Die vergiftete Schlange machte immer noch fleißig die Runde, als das amerikanische Blog “The Daily What” die Hintergründe der Geschichte genauer beleuchtete: Demnach nahm das Unheil am 3. März seinen Lauf, als die auf Celebrity-Gerüchte spezialisierte Webseite “Oh No They Didn’t” das ursprüngliche YouTube-Video vom Schlangenbiss veröffentlichte und der Autor mit dem Nickname “nappyxheadedxho” neben einigen dürren Bemerkungen hinzufügte:

The snake later died from silicone poisoning.

Noch am selben Tag fragte ein Leser in den Kommentaren “Really? Poor thing.”, worauf nappyxheadedxho antwortete:

lmao I was joking!

(Ich lach mich tot – das war nur ein Witz!)

Inzwischen sind die ersten ausländischen Medien, die von der vergifteten Schlange berichtet haben, eifrig dabei, ihre Artikel zu löschen oder zu berichtigen. Mal sehen, wie lange “unsere” dafür brauchen.

Mit Dank an miguel!

Nachtrag, 15:26 Uhr: “Merkur Online” hat sich inzwischen für die Löschvariante entschieden, während express.de den ursprünglichen Artikel transparent korrigiert hat.

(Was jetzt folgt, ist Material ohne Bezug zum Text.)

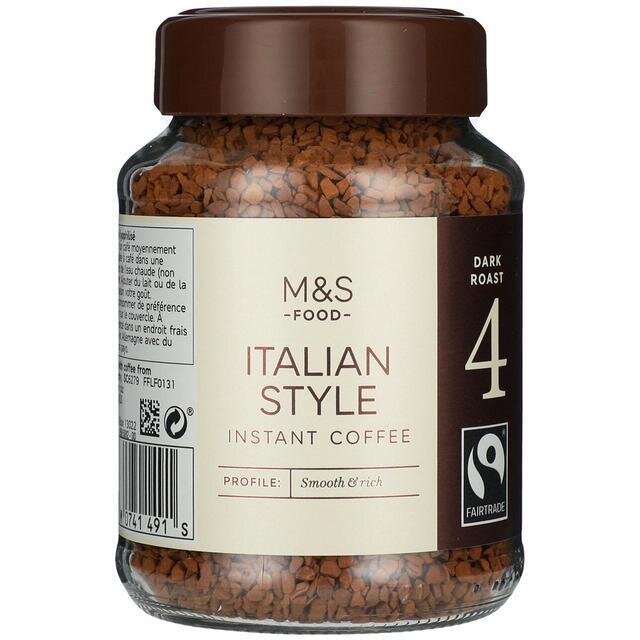 M&S Italian Style Instant Coffee - 4 Dark Roast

Wieder 9/11-Video wiederentdeckt

Die Zukunft des Journalismus soll unter anderem im Bewegtbild liegen, hört man mitunter. Videos sind also wichtig — und wenn darin kleine Kinder, flauschige Tiere oder die Terroranschläge des 11. September 2001 zu sehen sind, setzt bei Journalisten alle Vernunft aus.

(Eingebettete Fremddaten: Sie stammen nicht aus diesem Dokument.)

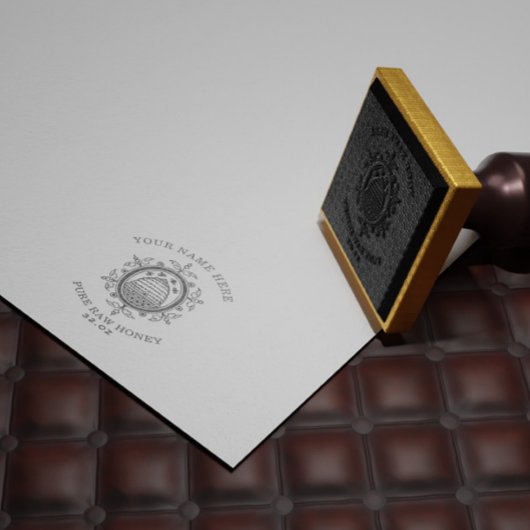 ヴィンテージの瓶ラベルスタパーソナライズされたンプ ラバースタンプ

In den letzten Tagen war es mal wieder soweit:

Ein “bisher unbekanntes Video” sei veröffentlicht worden, schreibt “Spiegel Online”, während 20min.ch ein “kürzlich freigegebenes Video” entdeckt zu haben glaubt und oe24.at erklärt, das “Neue an den Bildern” sei vor allem, “dass sie die brennenden Türme des World Trade Center von oben zeigen”. Von einem “neuen Video” sprechen unter anderem auch Bild.de, n-tv.de, RTL.de, kress.de, Reuters und die Website der “Financial Times Deutschland”. Eigentlich gibt es kaum eine Nachrichtenseite, die nicht über die “neuen Bilder” berichtet: selbst die BBC spricht von “Aufnahmen, die noch nie zu sehen waren”.

Und all das nur, weil die “Enthüllungsplattform” cryptome.org ein Video veröffentlicht hatte, das die New Yorker Polizei am 11. September 2001 an Bord eines Polizeihubschraubers aufgenommen hatte.

Nicht einmal Cryptome selbst behauptet, das Video sei “neu”. Es gehört zu dem umfangreichen Material, das das “National Institute of Standards and Technology” (NIST) nach den Anschlägen gesammelt hatte, um den Einsturz des World Trade Centers bautechnisch zu untersuchen. Dabei handelt es sich um die Kopien von teils veröffentlichten, teils unveröffentlichten Aufnahmen, die das NIST zusammengetragen hatte und seitdem in seinem Besitz hat.

Unter Berufung auf den Freedom of Information Act, fordern immer wieder mehr oder weniger seriöse Organisation die Herausgabe des vom NIST gesammelten Materials, das (vor allem europäische) Journalisten regelmäßig für “beschlagnahmt” oder “unter Verschluss gehalten” halten (BILDblog berichtete).

Womöglich ist das 17-minütige Video, das Cryptome jetzt online gestellt hat, in dieser Form tatsächlich noch nie veröffentlicht worden. Bei der Menge des 9/11-Materials, das auf verschiedenen Kanälen unterwegs ist, lässt sich das schwer sagen. Aber die spektakulären “neuen” Bilder, die die Medien wie “Spiegel Online” jetzt als “bisher unveröffentlichte Aufnahmen” anpreisen, die kann man schon seit dreieinhalb Jahren auf YouTube sehen — heller und mit einem größeren Bildausschnitt und hebräischen, statt deutschen Untertiteln:

Alte und "neue" 9/11-Videos im Vergleich.

Bei “Focus Online” haben sie den Braten gerochen und bemerken jetzt süffisant:

Die Verantwortung, Quellen zu überprüfen, nehmen Enthüllungsplattformen professionellen Journalisten nicht ab. Eine simple Suche bei YouTube hätte genügt, um das vermeintlich unveröffentlichte Material zu enttarnen.

Bei der letzten kollektiven Quellen-Nichtprüfung war “Focus Online” noch ganz vorne mit dabei gewesen.

Mit Dank an Sven G., Peter M., Steffen K. und Hans P.

Nachtrag, 10. März: Bei YouTube gibt es sogar eine noch ältere Version des Videos, hochgeladen am 20. Dezember 2006.